Harga Kapas Masih Fluktuatif, Industri Tekstil Tahan Harga

Harga Kapas Masih Fluktuatif, Industri Tekstil Tahan Harga

Feby Dwi Sutianto - detikFinance
Senin, 04 Apr 2011 11:47 WIB
Jakarta -

Asosiasi Pertekstilan Indonesia (API) menyatakan adanya penurunan harga kapas belakangan ini masih bersifat sementara. Harga kapas untuk kebutuhan industri diperkirakan akan merayap kembali sejalan masih tingginya permintaan kapas dunia terutama dari industri pemintalan di China

Hal ini disampaikan oleh Ketua Umum API Ade Sudrajat saat dihubungi detikFinance, Senin (4/4/2011)

Ade sangat pesimistis penurunan harga kapas akan berlanjut, sehingga ia memastikan tak akan berpengaruh pada harga hasil olahan kapas seperti tekstil maupun garmen.

Ia juga mengatakan penurunan saat ini untuk harga pengiriman bulan Juni-Juli 2011, itu pun belum bisa dipastikan akan mengurangi biaya produksi industri pemintalan di dalam negeri.
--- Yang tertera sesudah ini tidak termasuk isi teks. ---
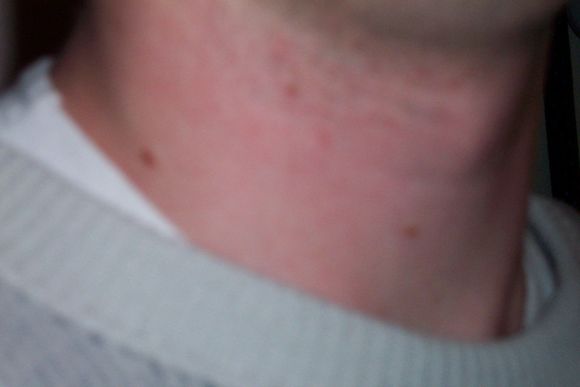 100_3827.JPG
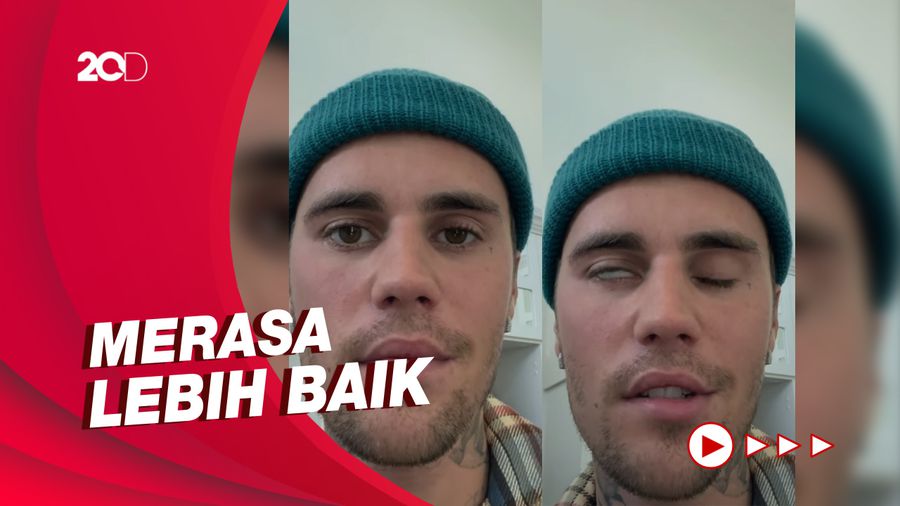  Justin Bieber Beberkan Kondisi Terkini Usai Idap Sindrom Ramsay Hunt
SCROLL TO CONTINUE WITH CONTENT

"Trennya akan tetap naik, karena barangnya kurang, karena dari beberapa supplier yang janji akan mengirim Maret, ternyata baru bisa kirim Juli-Agustus," katanya.

Menurutnya  harga kapas memang sudah turun yaitu menembus sekitar  US$ 1,9 per pound, padahal beberapa pekan lalu harga kapas sempat tembus US$ 2,2 pound. Permintaan tambahan kapas dari China dipastikan akan mengerek kembali harga kapas di bulan-bulan mendatang.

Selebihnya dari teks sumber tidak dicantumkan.